Temporal networks provide a unifying understanding of the evolution of cooperation
Aming Li, Yao Meng, Lei Zhou, Naoki Masuda, Long Wang

TL;DR
This paper demonstrates that temporal heterogeneity in networks enhances the likelihood of cooperation fixation, unifying previous findings across equilibrium and non-equilibrium frameworks.
Contribution
It provides the first comprehensive analysis showing that temporal degree heterogeneity promotes cooperation in both theoretical and empirical networks, resolving previous conflicting results.
Findings
Temporal heterogeneity increases cooperation fixation probability.
Contrary to static networks, temporal heterogeneity promotes cooperation.

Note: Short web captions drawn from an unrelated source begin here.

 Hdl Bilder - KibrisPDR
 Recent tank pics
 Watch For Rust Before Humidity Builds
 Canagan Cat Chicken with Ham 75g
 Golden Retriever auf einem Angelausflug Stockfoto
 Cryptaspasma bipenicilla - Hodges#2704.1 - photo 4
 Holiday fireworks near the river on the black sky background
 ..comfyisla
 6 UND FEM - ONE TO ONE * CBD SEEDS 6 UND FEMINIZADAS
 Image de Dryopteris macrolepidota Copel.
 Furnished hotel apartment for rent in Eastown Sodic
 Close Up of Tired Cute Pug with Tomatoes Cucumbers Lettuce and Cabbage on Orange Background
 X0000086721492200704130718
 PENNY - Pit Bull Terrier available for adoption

Unified understanding across equilibrium and non-equilibrium frameworks.
Abstract
Understanding the evolution of cooperation in structured populations represented by networks is a problem of long research interest, and a most fundamental and widespread property of social networks related to cooperation phenomena is that the node's degree (i.e., number of edges connected to the node) is heterogeneously distributed. Previous results indicate that static heterogeneous (i.e., degree-heterogeneous) networks promote cooperation in stationarity compared to static regular (i.e., degree-homogeneous) networks if equilibrium dynamics starting from many cooperators and defectors is employed. However, the above conclusion reverses if we employ non-equilibrium stochastic processes to measure the fixation probability for cooperation, i.e., the probability that a single cooperator successfully invades a population. Here we resolve this conundrum by analyzing the fixation of…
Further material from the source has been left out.